No matter the weather there is usually someone that “predicted” the weather because they felt in their joints. A new study has looked into the phenomenon and found that they could just be having a flair up.
According to experts the thought that the weather has an impact on your joint pain went all the way back to Roman times and was thought at the time to be an accurate tool in working out the weather forecast.
New Australian research took reports of people’s pain flair ups and teamed it with weather patterns to see if there was any correlation between the two. The results showed that there was no relationship between the two things.

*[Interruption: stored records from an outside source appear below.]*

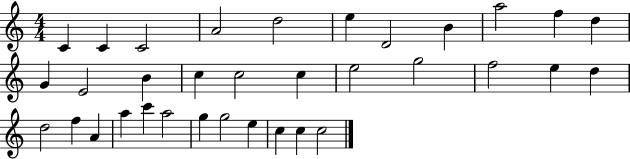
C4/q C4/q C4/h A4/h D5/h E5/q D4/h B4/q A5/h F5/q D5/q G4/q E4/h B4/q C5/q C5/h C5/q E5/h G5/h F5/h E5/q D5/q D5/h F5/q A4/q A5/q C6/q A5/h G5/q G5/h E5/q C5/q C5/q C5/h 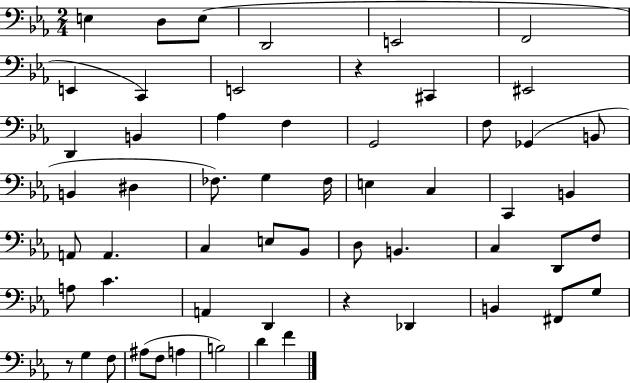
E3/q D3/e E3/e D2/h E2/h F2/h E2/q C2/q E2/h R/q C#2/q EIS2/h D2/q B2/q Ab3/q F3/q G2/h F3/e Gb2/q B2/e B2/q D#3/q FES3/e. G3/q FES3/s E3/q C3/q C2/q B2/q A2/e A2/q. C3/q E3/e Bb2/e D3/e B2/q. C3/q D2/e F3/e A3/e C4/q. A2/q D2/q R/q Db2/q B2/q F#2/e G3/e R/e G3/q F3/e A#3/e F3/e A3/q B3/h D4/q F4/q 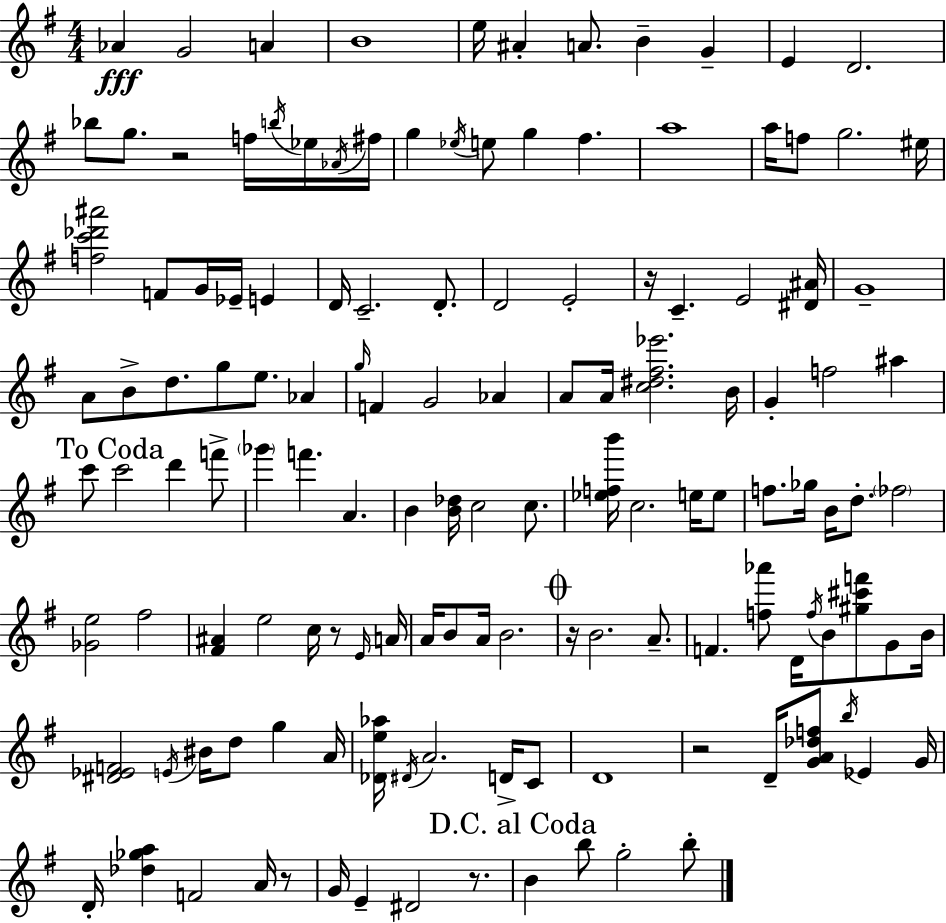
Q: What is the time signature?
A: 4/4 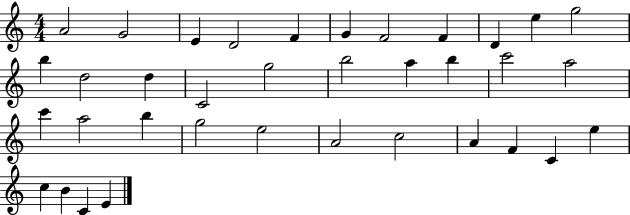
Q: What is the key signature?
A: C major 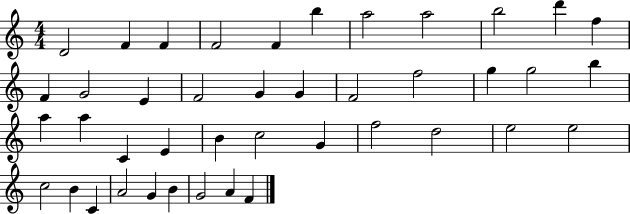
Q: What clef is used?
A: treble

Then why do people still say they “feel it in their bones.” The study suggests that people are putting pain flair ups and weather together in their mind as a way of giving cause and effect. This is especially prominent when a flair up of pain is not caused by any environmental reasons before causing pain.
A study was carried out in 2014 about this, and the results found no connection. Lead author of the new study, Chris Maher from The George Institute of Global Health told Live Science, “People were adamant that adverse weather conditions worsened their symptoms, so we decided to go ahead with a new study based on data from new patients with lower back pain and osteoarthritis”.
Mr Maher stated of the results, “The results were almost exactly the same: There is absolutely no link between pain and the weather in these conditions”. He concluded, “our research suggests this belief may be based on the fact that people recall events that confirm their pre-existing views.”